Install datapackage-pipelines using pip:

pip install datapackage-pipelines

What Changed?

New Low-level API and stdout Redirect

One big change (and a long time request) is that processors are now allowed to print from inside their processing code, without interfering with the correct operation of the pipeline. All prints are automatically converted to logging.info(…) calls.This behaviour is enabled when using the new low-level API. The main change we’ve introduced is that ingest() is now a context manager. This means that you now should run:

# New style for ingest and spew
with ingest() as ctx:
 # Do stuff with datapackage and resource_iterator
 spew(ctx.datapackage,
 ctx.resource_iterator,
 ctx.stats)

Backward compatibility is maintained for the old way of using ingest(), so you don’t have to update all your code immediately.

# This still works, but won’t handle print()s
parameters, datapackage, resource_iterator = ingest()
spew(datapackage, resource_iterator)

Dataflows integration

There’s a new integration with dataflows which allows running Flows directly from the pipeline-spec.yaml file. You can integrate dataflows within pipeline specs using the flow attribute instead of run. For example, given the following flow file, saved under my-flow.py:

from dataflows import Flow, dump_to_path, load, update_package
​
def flow(parameters, datapackage, resources, stats):
  stats[‘multiplied_fields’] = 0
 ​
  def multiply(field, n):
    def step(row):
      row[field] = row[field] * n
      stats[‘multiplied_fields’] += 1
      return step
​
    return Flow(update_package(name=’my-datapackage’),
                load((datapackage, resources),
                multiply(‘my-field’, 2))

And a pipeline-spec.yaml in the same directory:

my-flow:
 pipeline:
   — run: load_resource
 parameters:
   url: http://example.com/my-datapackage/datapackage.json
   resource: my-resource
     — flow: my-flow
     — run: dump.to_path

You can run the pipeline using dpp run my-flow.

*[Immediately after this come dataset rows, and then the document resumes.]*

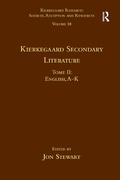 Bild: Volume 18, Tome II: Kierkegaard Secondary Literature - Routledge
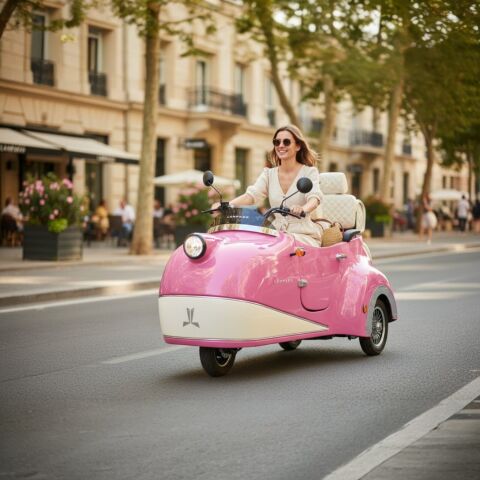 Lámpago -Rose (Lityum İyon Batarya)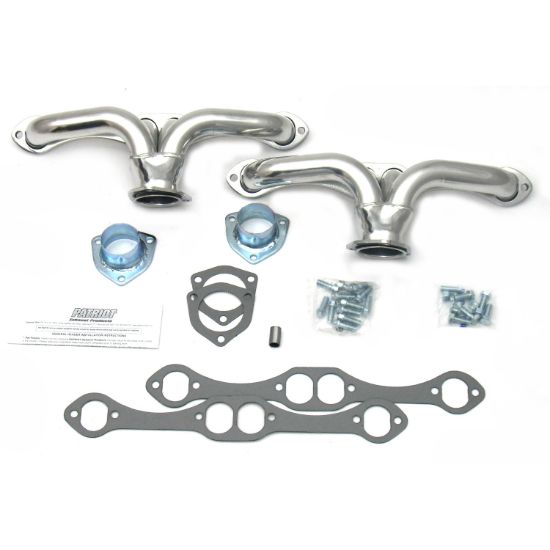 PATRIOT EXH HEADER CHEVY COATED - H80521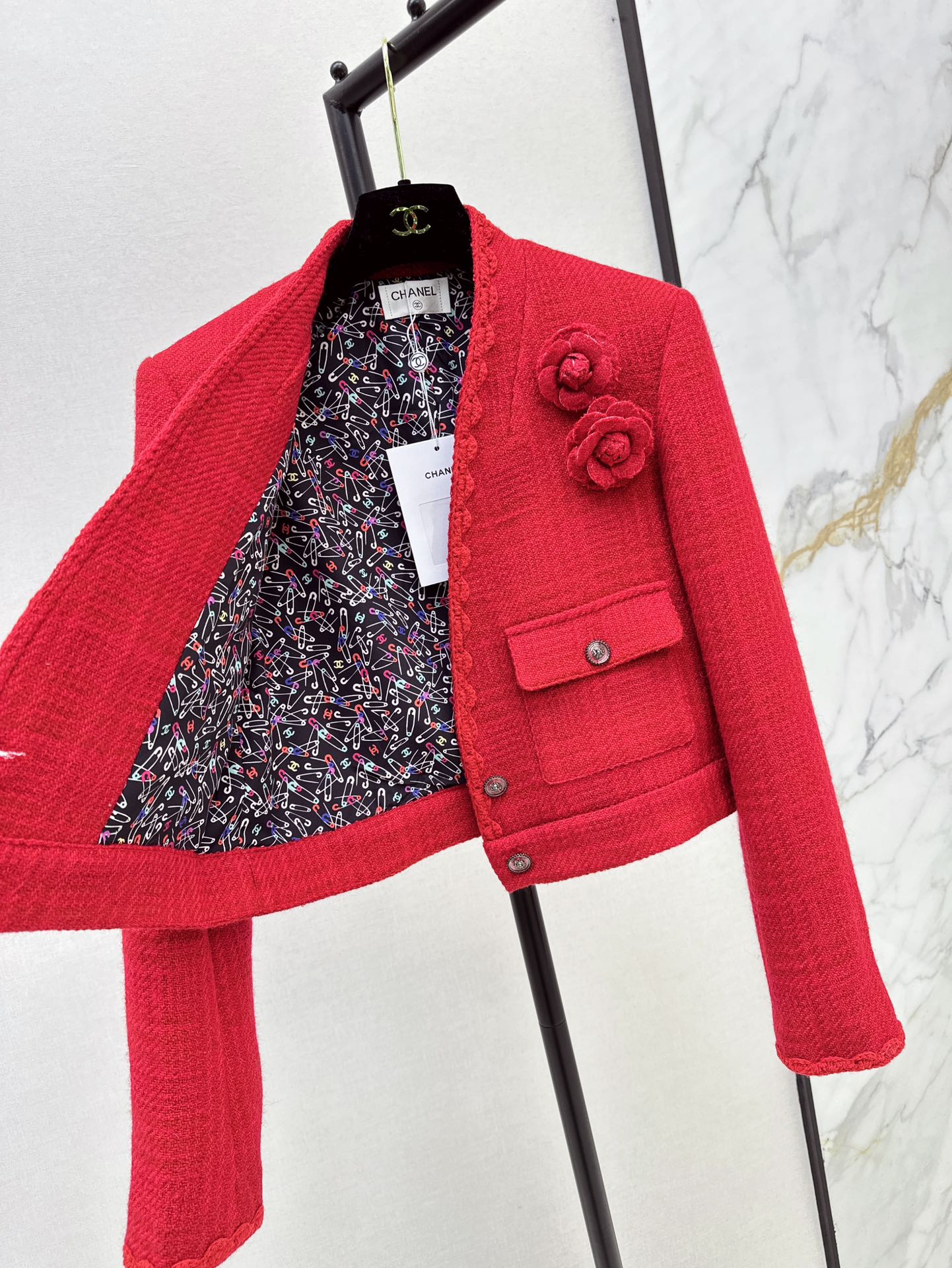 Chan 25fw woven jacket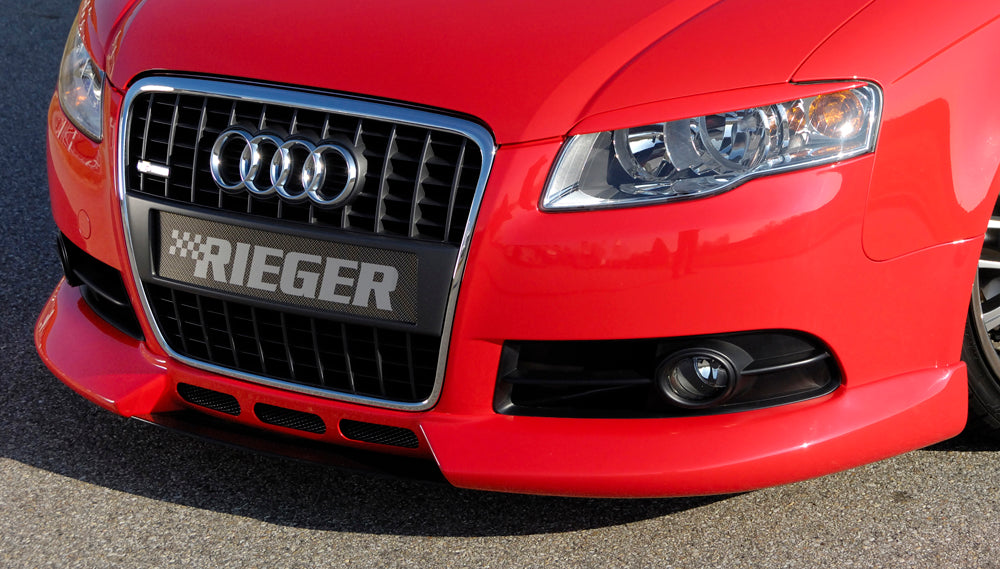 Rieger 00055230 Audi 8E B7 A4 Front Splitter
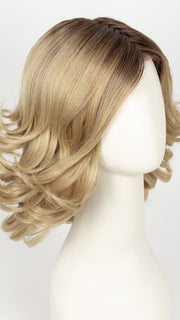 MC25/88SS HONEY | Beige Blonde with a Darker Root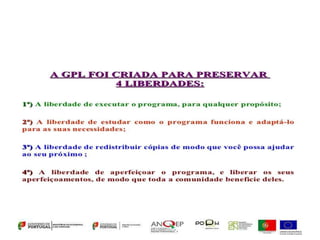 Apresentação linux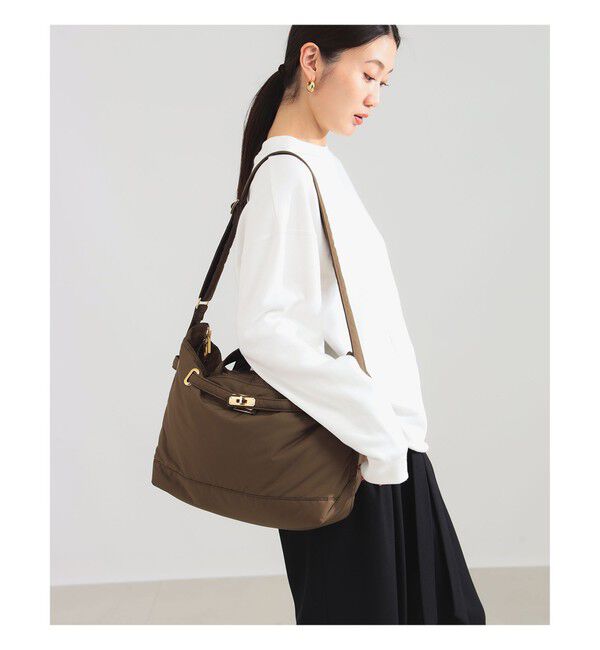 Demi-Luxe BEAMS 「【別注】sita parantica / メッセンジャー バッグ」|トートバッグ|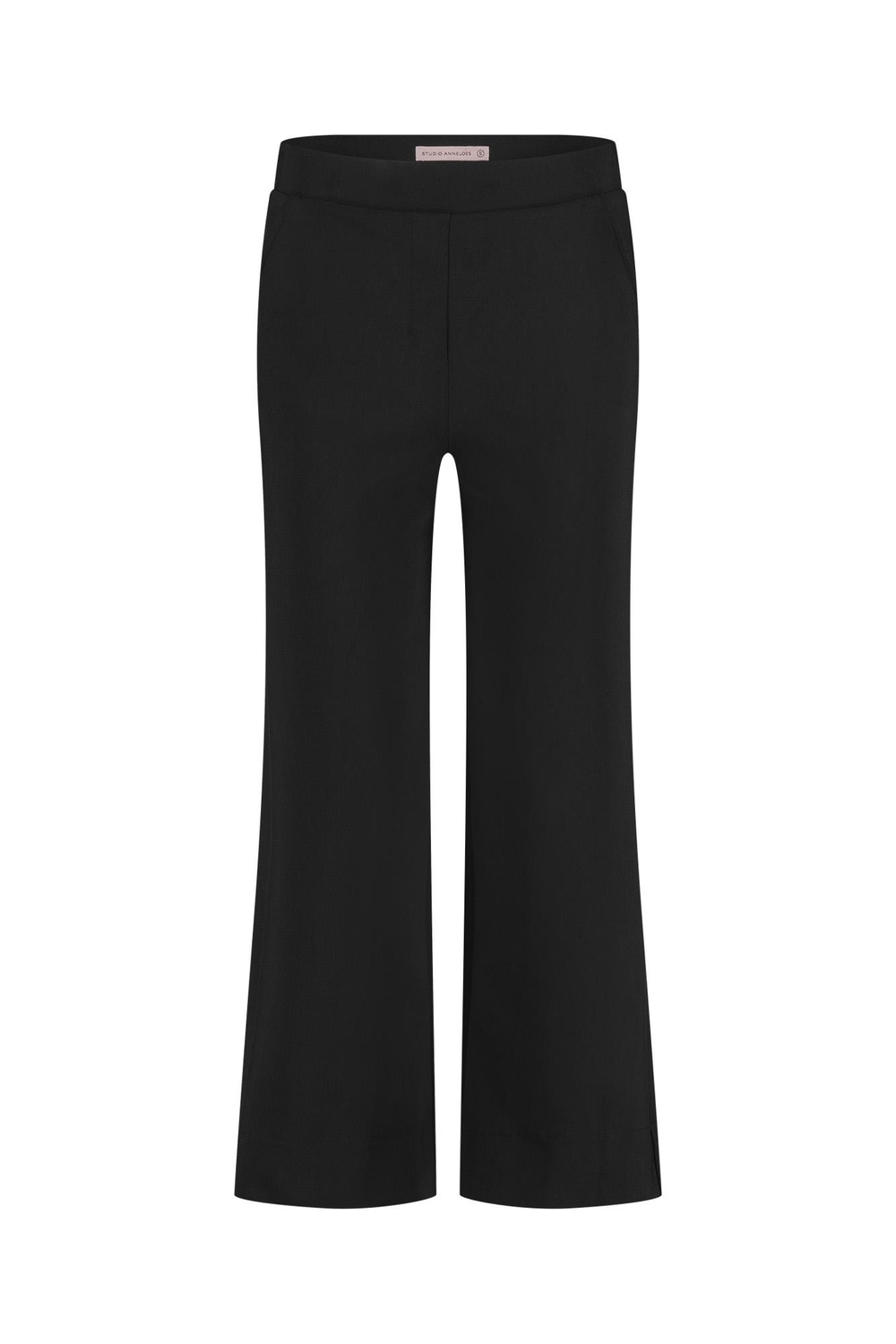 Studio Anneloes Lexie Bonded Culotte 11606 Broek 9000 Black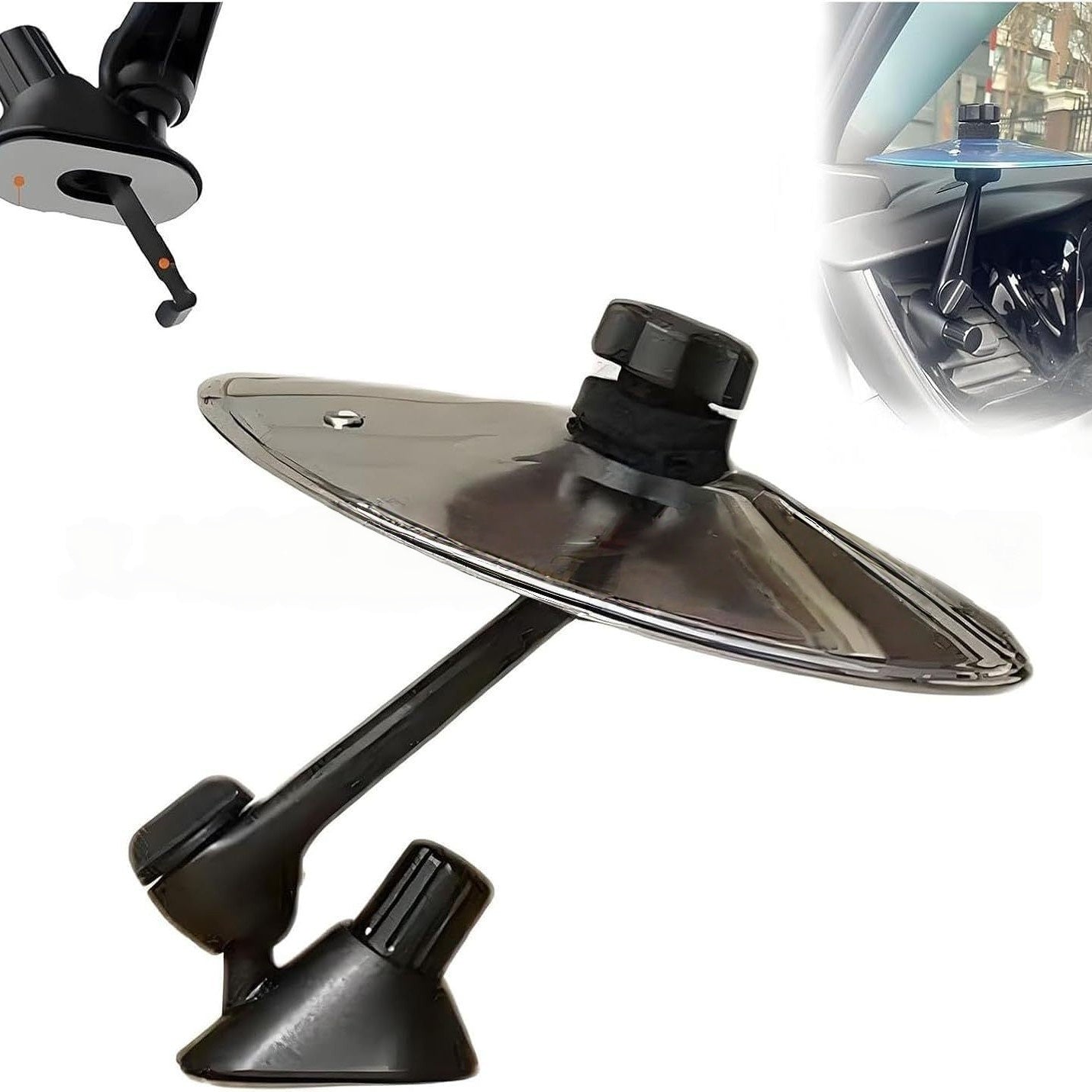 Car Cymbal Air-Vent Percussion – Tap Out Boredom, Keep Drives Fun (Safely)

If you want to wrap a flow inside a processor, you can use the spew_flow helper function:

from dataflows import Flow
from datapackage_pipelines.wrapper import ingest
from datapackage_pipelines.utilities.flow_utils import spew_flow
​
def flow(parameters):
 return Flow(
 # Flow processing comes here
 )
​
​
if __name__ == ‘__main__’:
 with ingest() as ctx:
 spew_flow(flow(ctx.parameters), ctx)

Standard Processor Refactoring

We refactored all standard processors to use their counterparts from dataflows, thus removing code duplication and allowing us to move forward quicker. As a result, we’re also introducing a couple of new processors:

load - Loads and streams a new resource (or resources) into the data package. It’s based on the dataflows processor with the same name, so it supports loading from local files, remote URL, data packages, locations in environment variables etc. For more information, consult the dataflows documentation.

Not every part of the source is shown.